しかし実際には飛行機の形態が変わるとそれに伴い飛行機の高度・方位が変化しやすくなるので、高度・方位が変わらないように操縦操作が必要です。
次項に飛行形態変化に伴う、操縦操作の重点を解説していきます。
自家用操縦士の操縦訓練科目【SLOW FLIGHT】の重点すべきこと
前項では、自家用操縦士の操縦訓練科目の【SLOW FLIGHT】の操作手順について解説しました。
ここでは、手順に対する重点を解説します。
自家用操縦士の操縦訓練科目・SLOW FLIGHT操縦手順に沿った重点
1.科目開始の巡航形態諸元
巡航形態諸元 | 重点 |
速度95kts Power 2200rpm Mixture Full Rich | ・巡航形態で、TRIM OFFされていることを確認する。 ・基準となるTRIM位置になる。 |
2.科目開始前に巡航確認を行う (CRZ CHK)
手順 | 重点 |
目標設定 Power 1500rpm | ・目標設定SLOW FLIGHTの形態変更でピッチが上がるので、目標設定は、なるべく遠方でやや上空の目標を取ります。 ・Power 1500rpmPowerを絞ることによって機首が少し右に向くので、左ラダーをあてる。 また機首も下がるので、ラフトリムを3回ほどPitch Up側に取り、高度が下がらないようにささえます。 ・Powerの操作時は目標を見ながら行い、方位が変わらないように注意します。 |
3.SLOW FLIGHTの形態へ
手順 | 重点 |
Power 1700rpm(目安) | ・Power 1700rpm(目安)Powerを1700rpmにすると機首が左に向くので、右ラダーをあててます。
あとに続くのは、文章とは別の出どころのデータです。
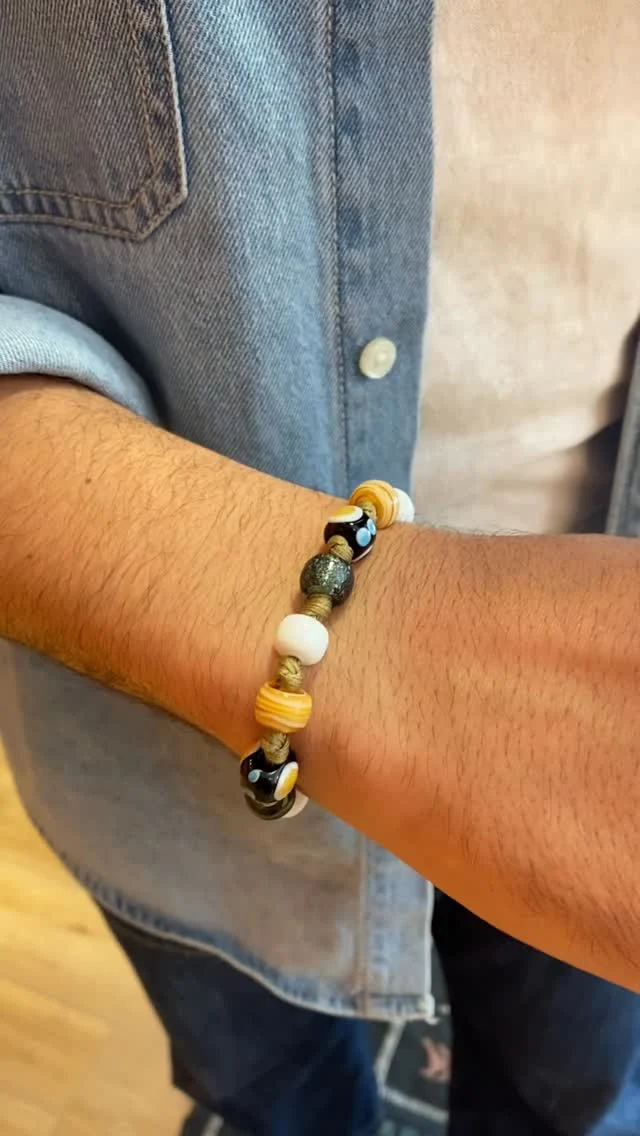 Questo sta bene davvero con tutto 🤩

#dandystreetstyle #dandystreet #madeinitaly #handmade #handmadejewelry #jewelry #jewels #bracelet #summer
Power ・1700rpmは目安のパワーで、高度を維持できるパワーになります。 |
4.SLOW FLIGHT形態確認
手順 | 重点 |
A/S・HDG・高度を確認し、STABILIZE”とCALL | ・A/Sが設定された速度で安定していて、方位が操縦訓練開始前の方位で目標がずれていないこと、高度がずれていないことを確認して、”STABILIZE”とCALLします。 |
5.上昇
手順 | 重点 |
Power 2200rpm 上昇率 300~500fpm 操縦訓練開始高度から100ft上昇したら、BANK10°で左上昇旋回 操縦訓練開始方位から左90度向いたら、ROLL OUT 操縦訓練開始高度から500ft上昇したら、LEVEL OFF | ・Powerを足すと機首が上がるので、上昇Pitch角度で止め、ラフトリムをとり、安定したらリトリムを取る。 ・またPowerを足すと同時に右ラダーでHDGのズレに注意する。 ・上昇左旋回ではやや右ラダーを弱める。 ・上昇左旋回からのロールアウトでは、多めの右ラダーで滑らないように所定のHDGでロールアウトさせる。 |
6.上昇からLEVEL OFF、SLOW FLIGHT形態確認
手順 | 重点 |
Power 1700rpm A/S・HDG・高度”、”STABILIZE”とCALL | ・Power 1700rpmは目安のパワーで、高度を維持できるパワーになります。 ・LEVEL OFF要領は所定高度に機体を載せるような感じで、パワーリデュースと共に右ラダーを抜く。 ・A/S・HDG・高度とCALL・安定を確認して、”STABILIZE”とCALLする。 |
7.降下に移行
手順 | 重点 |
CARB HEAT HOT Power 1200rpm 降下率 300~500fpm 100ft降下したら、BANK10°右降下旋回 操縦訓練開始方位になったら、ROLL OUT 操縦訓練開始高度になったら、LEVEL OFF | ・目標を確認しながら、Powerを目安の1200rpmにしながら、若干の左ラダー。 ・Powerを絞ると機首が下がるので、降下Pitch角度で止め、ラフトリムをとり、安定したらリトリムを取る。 ・右降下旋回時は、降下開始時の左ラダーを抜く感じで。 ・右旋回ロールアウト時左ラダーでロールアウトし、目標を確認。 ・LEVEL OFF時のPowerは、目標を確認しながら右ラダーと共に足す。 |
8.SLOW FLIGHT形態確認
手順 | 重点 |
A/S・HDG・高度を確認し、STABILIZE”とCALL | ・A/S・HDG・高度とCALL・安定を確認して、”STABILIZE”とCALLする。 |
9.巡航形態へRecovery
手順 | 重点 |
MAX Power 90KtsでPower 2200rpm | ・リカバリー時のPowerは、目標を注視しながら、HDG・ALTに注意しながら右ラダーと共に足し、ラフトリムを取ります。 ・Power 2200rpmにして安定したら、リトリムを取ります。 |
10.操縦訓練科目終了
手順 | 重点 |
A/S・HDG・高度を確認し、STABILIZE”とCALL | ・A/S・HDG・高度とCALL・安定を確認して、”STABILIZE”とCALLする。 |
自家用操縦士の操縦訓練科目・USE FLAPのSLOW FLIGHTについて
USE FLAPのSLOW FLIGHTの速度は、50Ktsで行います。
NO FLAPのSLOW FLIGHTの速度より、5Kts少ない速度です。
USE FLAPのSLOW FLIGHTの上昇の目安の速度は、MAX POWERです。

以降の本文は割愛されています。